2009年04月25日 22時21分43秒 | 監視カメラよりも自由な社会に
   

 以下、4月24日(金)付・朝日新聞(大阪版)朝刊・テレビ番組欄より、「草なぎ剛逮捕」関連分をピックアップした一覧。

・NHK総合 
 4:30「おはよう日本」草なぎ容疑者・送検へ
・毎日テレビ
 5:30「みのもんた朝ズバッ!」”酒酔い裸で騒ぎ…”草なぎ容疑者自宅も捜索/逮捕一報にファンは?
 11:00「ひるおび!」草なぎ剛容疑者最新情報
 14:55「ちちんぷいぷい」続報…スマップ草なぎ剛容疑者逮捕の余波は?
 18:45「THE・NEWS」草なぎ容疑者…ファンの失望と社会への影響と
・ABCテレビ
 6:45「おはよう朝日です」衝撃・草なぎ容疑者に何があった?
 8:00「スーパーモーニング」スマップ草なぎ剛容疑者/深夜の泥酔全裸大騒ぎ/通報者が語る大捕物!!/同時刻現場を追跡取材
 12:00「スクランブル」公園で全裸…草なぎ容疑者逮捕泥酔を追跡
・関西テレビ
 5:25「めざましテレビ」草なぎ容疑者逮捕の波紋
 8:00「とくダネ!」スマップ草なぎ容疑者①泥酔して全裸で奇声…わいせつ容疑の動機②顔青ざめ移送の瞬間表情③自宅捜索…CMも中止続々/今後活動は
 16:53「ニュースアンカー」全裸で…公然わいせつの訳は?草なぎ容疑者逮捕の波紋
 23:58「ニュースJAPAN」全裸草なぎ容疑者送検へ
・読売テレビ
 5:20「ズームインSUPER」草なぎ容疑者全裸で逮捕①CM中止…韓国速報②検証酒量どれだけ?
 8:00「スッキリ!!」泥酔全裸スマップ草なぎ容疑者が深夜に公然わいせつで逮捕
 13:55「ミヤネ屋」自宅を捜索/草なぎ容疑者の逮捕で各界に衝撃…
 23:55「ニュースZERO」捜査は?草なぎ容疑者
-----------------------------------

 上記が、23日夜から24日にかけての、例の、SMAP所属タレント草なぎ剛が泥酔で全裸姿になって公然わいせつで逮捕されたニュースについての、テレビでの取り上げられ方ですが。苗字クサナギのナギの字は、よくある「薙」ではなく「」という難しい漢字だった事を、この事件で始めて知りました(注:当該漢字は、PC・携帯の機種によっては文字化けしてしまうので、先程全てひらがなに置き換えました)が、それは兎も角として。

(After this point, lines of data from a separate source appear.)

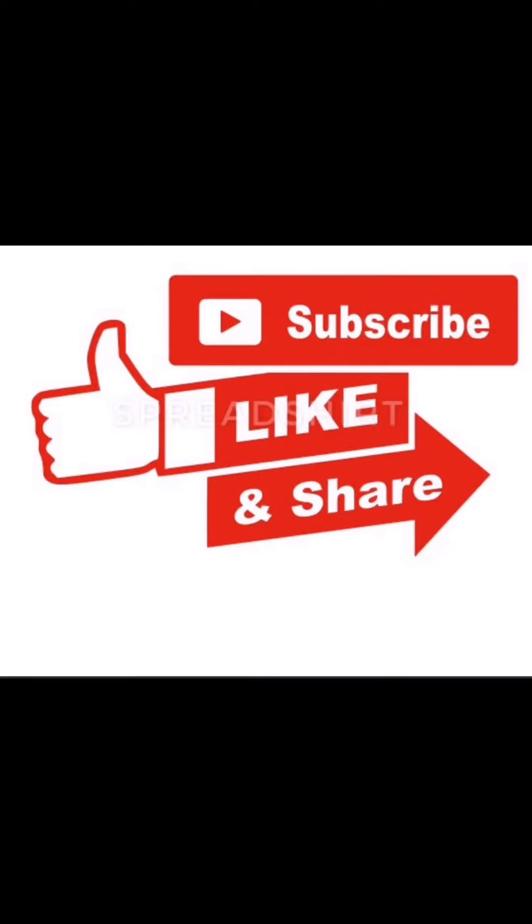So guys, this is my final look — as you can see. Let me know in the comment section if you liked this video. Bye bye, love you, and don't forget to like, share, and subscribe to my channel. Bye bye!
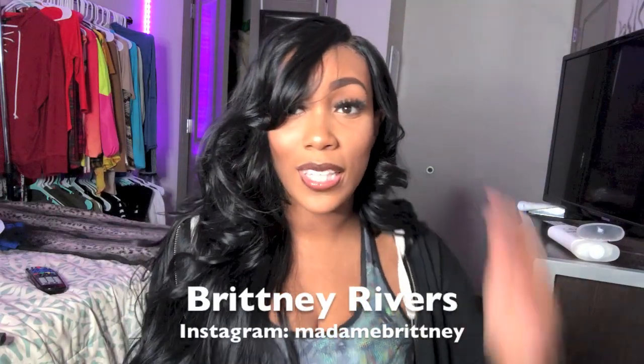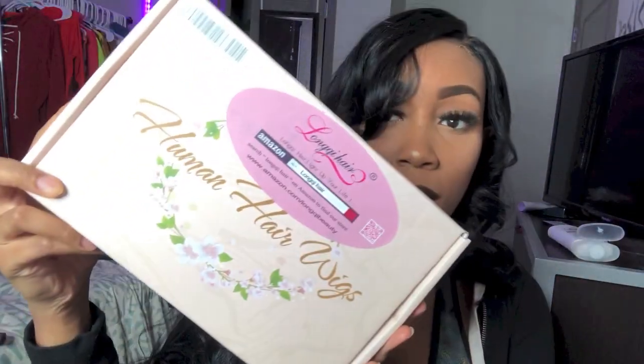Hey guys, I'm Brittany Rivers and today I will be reviewing Lonky hair company. This is a $30 synthetic wig. I never bought a synthetic wig before, but I always feel like you can tell it's synthetic — like I can see the way it falls. But I think this one is really pretty. It cost $30 on Amazon and came in a box. It is synthetic even though it says human hair, but you can get it with Amazon Prime.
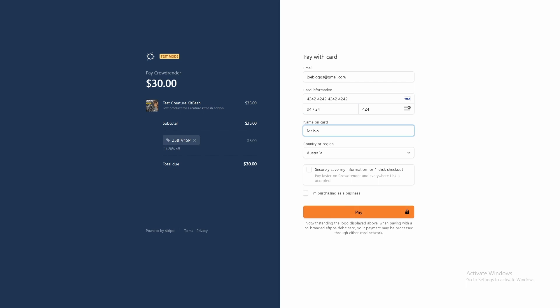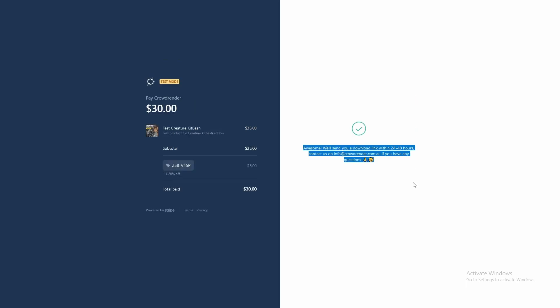We will send you your own personalized checkout and your own personalized coupon code, good for one use, and then a personalized download link so you can get Creature Kitbash. If you're wondering exactly how Creature Kitbash works, there's a very short video I did — there should be a link for that — and you can go and check that out to learn a little bit more about how the add-on works.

 「泥酔した位で逮捕されるか?」という素朴な疑問はみんな抱きつつも、「海賊対処法案が衆院通過」よりも「草なぎ逮捕」の方が大事なニュースだとは到底思えないのに、マスコミが我も我もと書きたてて。
 それに加えて、総務相の鳩山が、散々「地デジ推進」PRにこのタレントを起用しておきながら、自身の任命責任を棚の上げての「最低の人間」発言に、こちらも民主党の鳩山が、それまで政府・与党と馴れ合って右傾化・警察国家化を散々推進してきた一蓮托生ぶりを棚に上げての「揚げ足取り」に、これまた政府・与党の犬のネットウヨクが噛み付いて、もうシッチャカメッチャカになっているのを横目に。
 「果たしてわざわざブログで取り上げるような事か」と思いながらも、マスコミの体たらくが余りにもアンマリなので、このエントリーを書いています。

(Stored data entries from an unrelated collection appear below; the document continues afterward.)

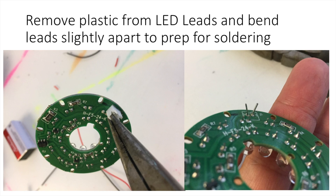Next, remove the plastic away from the LED leads using the needle nose pliers — just pull gently. Slightly bend those leads away from one another with the needle nose pliers. You don't want to be too rough because they're very small, but bending them slightly apart will give yourself a little more room for soldering later.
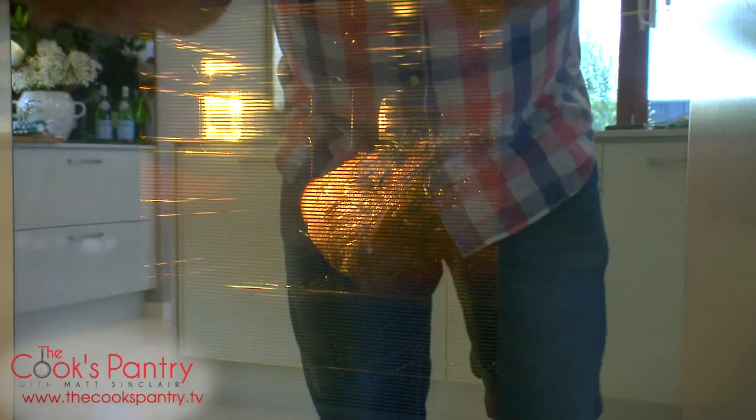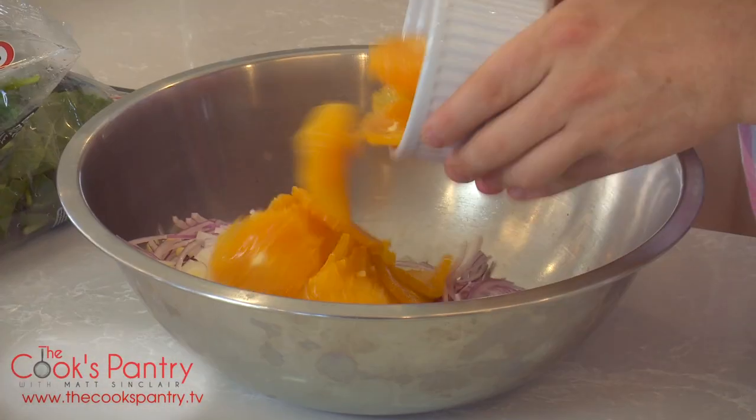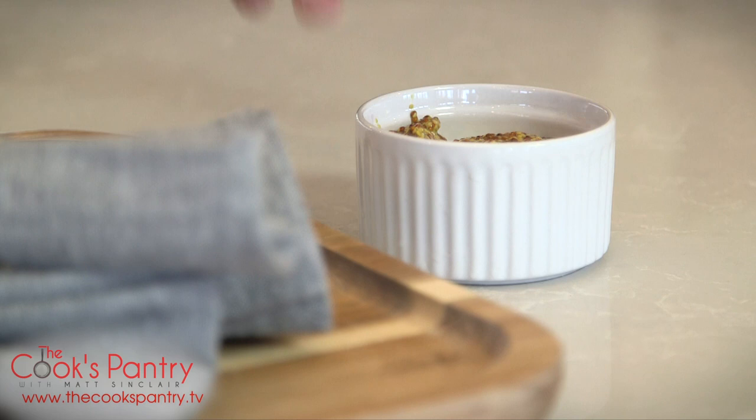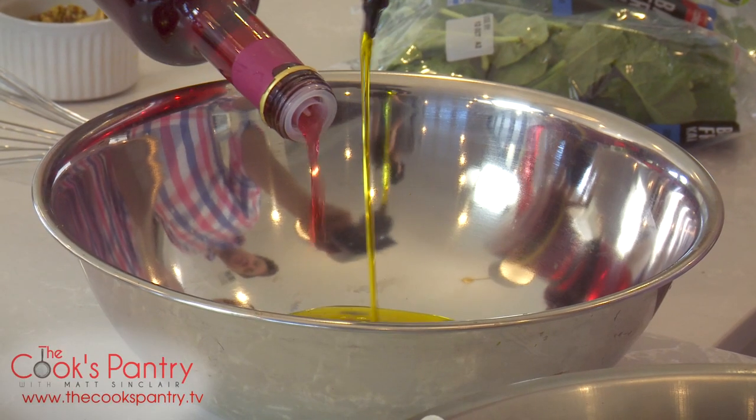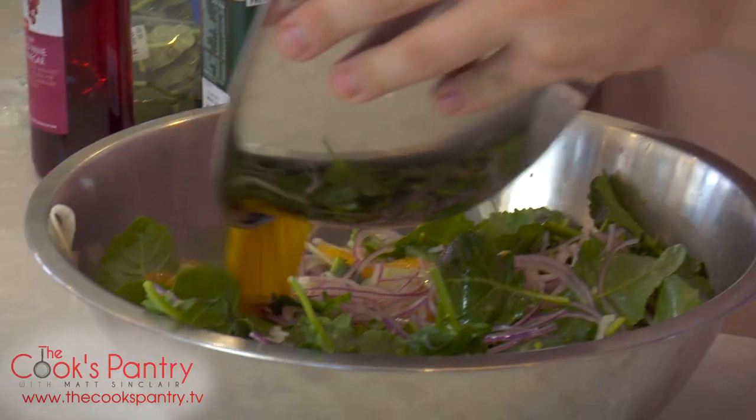So Vanessa, our ham is almost ready. We're going to make a really quick salad that goes perfectly with it and plays off some of the flavours that we've used to marinate the ham. And this is for me just a classic mustard dressing, really simple. Again, pork and mustard — great combination.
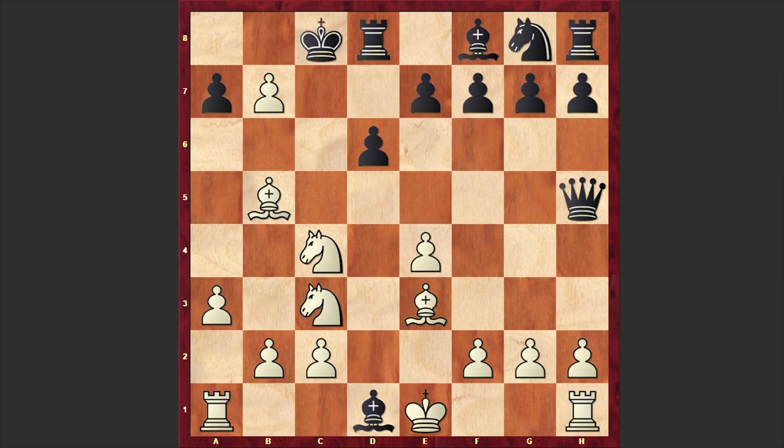For example, White can capture on b7 and then on d1, and White has strong compensation. White has two pieces and a pawn against the queen. But as Black still needs to solve the development of his kingside pieces and Black's king is exposed, White has huge compensation.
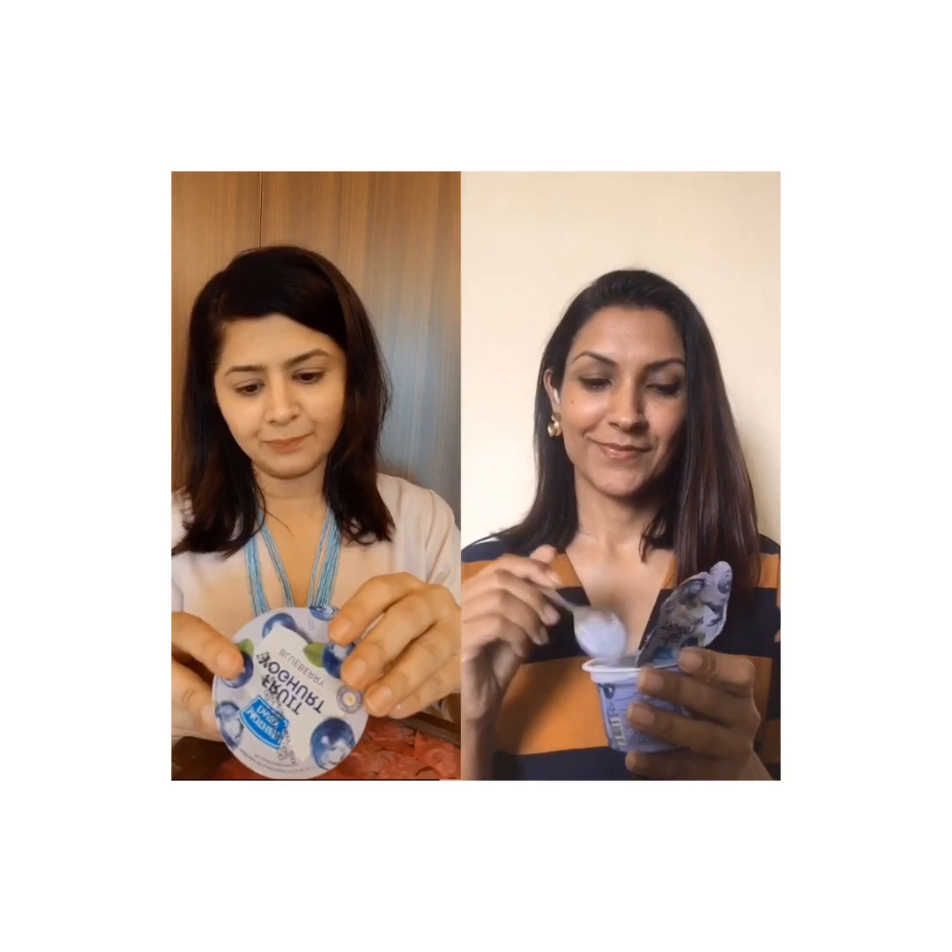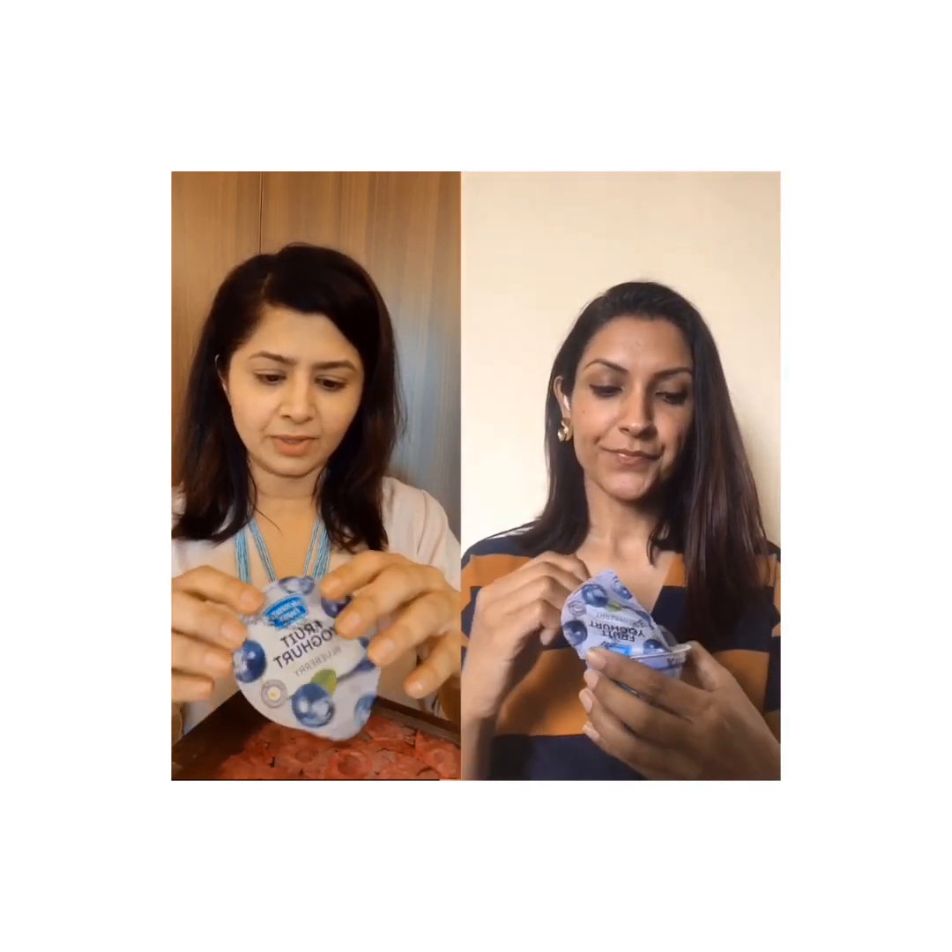It has 136 calories. Calorie wise it's not bad, and the shelf life is 15 days.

 そんな私が今回のこのニュースにつけて思うのは、上っ面だけを面白おかしく取り上げるしか能が無い三流スポーツ紙の中で、殆ど唯一「日刊ゲンダイ」だけが、辛うじて「社会の木鐸」としての機能を果たしている事については、率直に評価しつつも、下手にこの問題でキイキイ叫べば叫ぶほど、先の「海賊法案」などのもっと大事なニュースがどんどん陰に隠れてしまい、逆に政府・与党の思う壺となりつつあるのではないか、という事です。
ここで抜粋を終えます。